Los miembros de la nomenklatura gerencial de la URSS eran algo equiparable a los obispos y cardenales de la Iglesia, administradores temporales de grandes riquezas en sus respectivas diócesis, pero no propietarios de los bienes (tomo prestada la comparación de Rafael Poch, durante tantos años corresponsal de La Vanguardia en Rusia).

Así las cosas, la inconcebible inocencia de Gorbachov al abrir de par en par las puertas a la descentralización incontrolada del poder dejó en sus manos, literalmente en sus manos, el acceso a la apropiación del patrimonio empresarial todo de la Unión Soviética.

De un día para otro, los simples ecónomos y deanes de iglesias y catedrales laicas se convirtieron en presidentes de consejos de administración de flamantes sociedades anónimas con miles de empleados en plantilla. Y en esto llegó Putin, un dirigente mucho más popular entre los rusos de la calle de los que a los europeos occidentales nos gustaría creer.

De un día para otro, los simples ecónomos y deanes de iglesias y catedrales laicas se convirtieron en presidentes de consejos de administración

Fenómeno, el asentimiento mayoritario de la población hacia el ahora hombre fuerte del Kremlin, que se explica en gran medida -y más allá de la absoluta ausencia de una tradición liberal en la historia de la cultura política rusa-, por el hondo cambio cualitativo que impuso su llegada al poder en los hábitos de funcionamiento de la élite cleptocrática que parasita la economía del país.

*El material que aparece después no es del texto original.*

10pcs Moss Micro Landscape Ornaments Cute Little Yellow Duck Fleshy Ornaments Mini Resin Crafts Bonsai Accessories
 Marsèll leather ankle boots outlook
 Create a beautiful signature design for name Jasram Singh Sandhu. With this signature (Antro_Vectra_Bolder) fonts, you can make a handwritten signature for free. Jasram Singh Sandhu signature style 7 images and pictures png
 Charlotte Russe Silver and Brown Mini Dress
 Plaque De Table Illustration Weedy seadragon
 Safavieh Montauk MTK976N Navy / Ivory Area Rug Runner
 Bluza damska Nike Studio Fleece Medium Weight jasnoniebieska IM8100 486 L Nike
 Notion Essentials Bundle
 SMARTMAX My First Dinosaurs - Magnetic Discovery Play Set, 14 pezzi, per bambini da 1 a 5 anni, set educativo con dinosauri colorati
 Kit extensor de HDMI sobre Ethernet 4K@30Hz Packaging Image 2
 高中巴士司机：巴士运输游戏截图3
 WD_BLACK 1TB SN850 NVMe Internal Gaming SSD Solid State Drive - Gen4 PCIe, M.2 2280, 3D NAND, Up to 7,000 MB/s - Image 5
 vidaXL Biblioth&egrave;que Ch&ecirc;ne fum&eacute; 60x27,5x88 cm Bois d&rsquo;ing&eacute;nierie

Una mutación que Branko Milanovic, siguiendo en eso a Mancur Olson, suele comparar con el tránsito a mejor que siempre supone para cualquier población el pasar de ser extorsionada por bandidos nómadas a verse desposeída por otros iguales, pero de naturaleza sedentaria.

Un cambio hacia el sedentarismo extractivo, el devenido con Putin, que llevaría aparejado otro de mayor calado, a saber: la transición de un capitalismo de rapiña privado, modelo donde el poder político se sometía en última instancia a la voluntad soberana de los oligarcas, a otro de esencia política, el hoy vigente, en el que las palancas del poder económico han sido recuperadas por el Estado.

La naturaleza depredadora del sistema, huelga decirlo, no ha cambiado en absoluto. Pero, y eso los rusos lo aprecian en su justa medida. Verse expoliado por un gánster sedentario se antoja mucho más llevadero que sufrir a otro nómada.

Al menos, con el primero existen ciertas normas, normas no arbitrarias y estables que las víctimas pueden conocer y cumplir, algo imposible en el mundo caótico e impredecible de las bandas que luchaban entre sí por el control de los recursos en los tiempos de Yeltsin, cuando en los frecuentes enfrentamientos armados entre distintas facciones de oligarcas independientes llegaron a usarse tanques del Ejército en las afueras de Moscú.

Oligarcas belicosos, los de aquella primera hornada postsoviética, la mayoría de los cuales han pasado ya a mejor vida. Y no, por cierto, de muerte natural. Habían contrariado al bandido sedentario.